Dia menegaskan, PT Pertamina Patra Niaga tidak ada hubungannya sama sekali terkait unjuk rasa yang dilakukan oleh mantan pekerja PT GUN,” tegasnya.
Rudi menambahkan, aksi unjuk rasa  terkait masalah hubungan kerja antara PT GUN mantan karyawannya. Terhadap permasalahan itu, sebenarnya pihak perusahaan telah melakukan berbagai macam upaya untuk dapat memperbaiki hubungan kerja. 
"Namun akhirnya perusahaan tidak dapat menghindari untuk tidak melakukan PHK," katanya.

Menurutnya, keputusan PHK terpaksa diambil setelah melalui tahapan verifikasi sesuai dengan prosedur yang ada. Selain itu juga terdapat hal2 lain yang membuat perusahaan harus melakukan PHK terhadap mereka,  kewajiban karyawan tidak berjalan semestinya, bagaimana mungkin bisa dipertahankan.  

Rudi memaparkan, dalam proses PHK tersebut, PT GUN telah melakukan keputusan sesuai yang disyaratkan dan diatur dalam peraturan perusahaan, UU ketenagakerjaaan dan peraturan-peraturan lain terkait tenaga kerja. 

“Kami (PT GUN, Red), telah melaksanakan kewajiban menurut hukum terhadap mantan karyawan kami terkait dengan PHK itu. Jika mereka tidak puas atas keputusan PT GUN harusnya mereka berdemo dan mendemo kami bukan ke Pertamia apalagi berdemo ke Istana,” katanya.

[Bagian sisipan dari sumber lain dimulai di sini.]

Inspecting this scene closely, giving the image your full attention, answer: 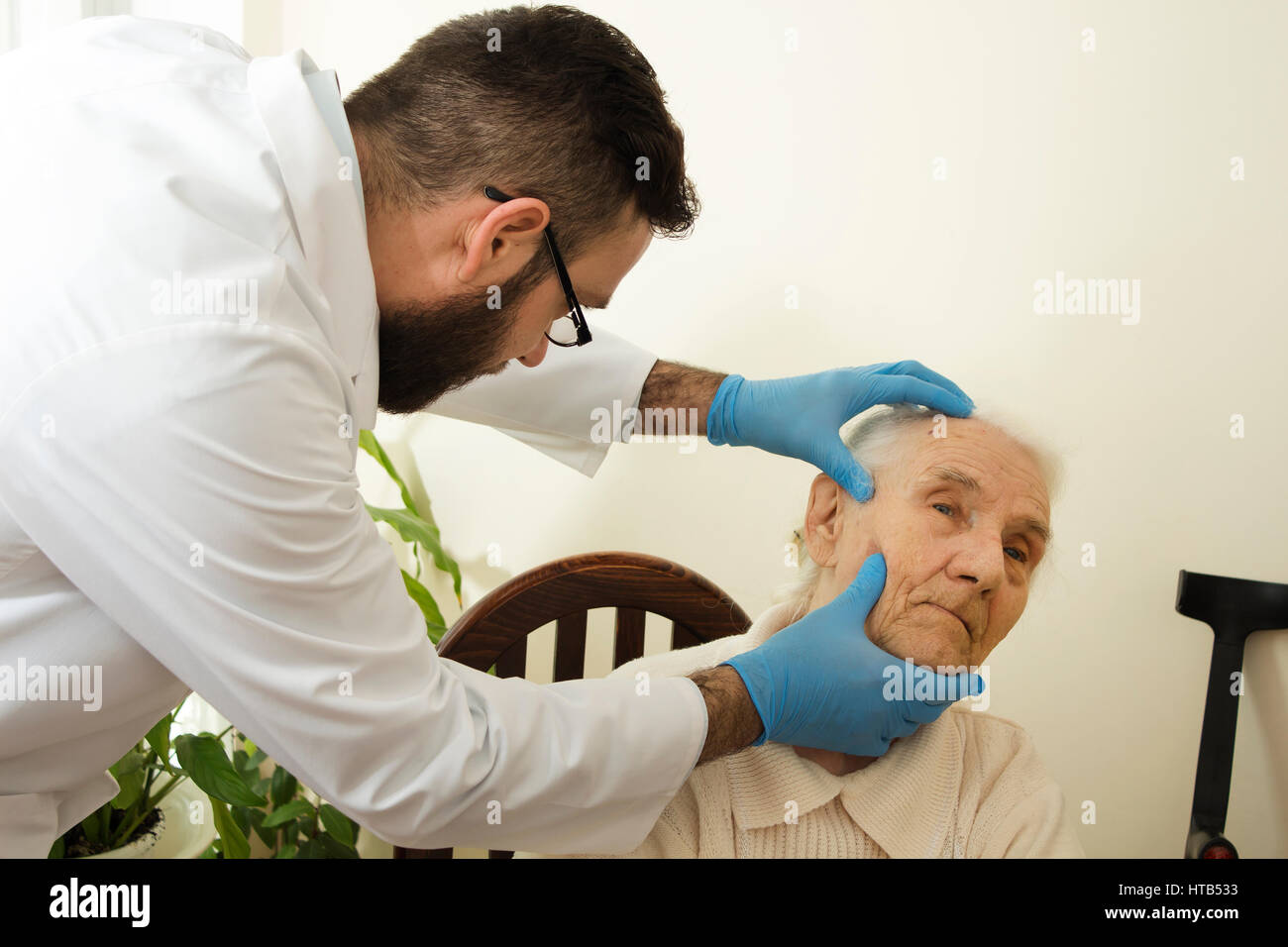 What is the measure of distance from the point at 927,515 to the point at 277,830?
1.49 metres

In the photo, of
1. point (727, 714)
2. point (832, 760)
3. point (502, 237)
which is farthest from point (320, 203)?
point (832, 760)

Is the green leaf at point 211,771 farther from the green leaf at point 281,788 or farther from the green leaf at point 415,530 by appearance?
the green leaf at point 415,530

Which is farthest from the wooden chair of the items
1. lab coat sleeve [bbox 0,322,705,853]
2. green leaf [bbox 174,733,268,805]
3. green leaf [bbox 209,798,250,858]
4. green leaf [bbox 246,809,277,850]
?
green leaf [bbox 246,809,277,850]

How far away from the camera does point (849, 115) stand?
1564mm

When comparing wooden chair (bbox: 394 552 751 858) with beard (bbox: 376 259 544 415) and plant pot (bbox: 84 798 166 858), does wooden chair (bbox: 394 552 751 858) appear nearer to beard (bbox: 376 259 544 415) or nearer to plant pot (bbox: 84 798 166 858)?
beard (bbox: 376 259 544 415)

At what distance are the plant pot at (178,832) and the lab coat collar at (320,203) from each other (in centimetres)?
104

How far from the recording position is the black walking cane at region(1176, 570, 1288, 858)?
1.38 meters

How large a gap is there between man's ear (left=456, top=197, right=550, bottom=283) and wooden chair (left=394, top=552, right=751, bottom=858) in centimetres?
40

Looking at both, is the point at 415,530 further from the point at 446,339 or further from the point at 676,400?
the point at 446,339

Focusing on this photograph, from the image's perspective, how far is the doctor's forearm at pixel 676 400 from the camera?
146 cm

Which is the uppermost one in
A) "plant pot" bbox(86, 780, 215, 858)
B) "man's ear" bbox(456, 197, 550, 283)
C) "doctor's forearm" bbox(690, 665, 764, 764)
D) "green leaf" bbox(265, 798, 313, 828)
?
"man's ear" bbox(456, 197, 550, 283)

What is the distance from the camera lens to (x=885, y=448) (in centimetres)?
119

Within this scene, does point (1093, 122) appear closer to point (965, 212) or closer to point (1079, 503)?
point (965, 212)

Untuk diketahui bahwa ada puluhan mantan sopir tangki bbm yang mantan tenaga out sourcing dari perusaan vendornya patra niaga menggelar aksi unjuk rasa dan menginap di Jalan Medan Merdeka, Kompleks Istana Negara, Jakarta Pusat.

Ketika PT SSS telah berakhir kontrak kerjanya dengan Patra Niaga yang kemudian penyediaan tenaga OS sopir tangki dilanjutkan oleh PT GUN, seluruh tenaga OS sopir tangki tersebut termasuk yang beraksi demo bahkan juga diberikan pesangon walau dalam perjanjian kerja dengan mereka tidak ada kewajiban itu. 

Ketika peralihan vendor dari PT SSS ke PT GUN para mantan sopir tangki diberi kesempatan untuk kembali menjadi sopir tangki BBM dan menjadi pekerja tanpa terbatas waktu (bukan lagi kontrak 2 tahunan-red) pada PT GUN namun sekitar 100 orang sopir menolak dan menuntut diangkat sebagai tenaga kerja Pertamina.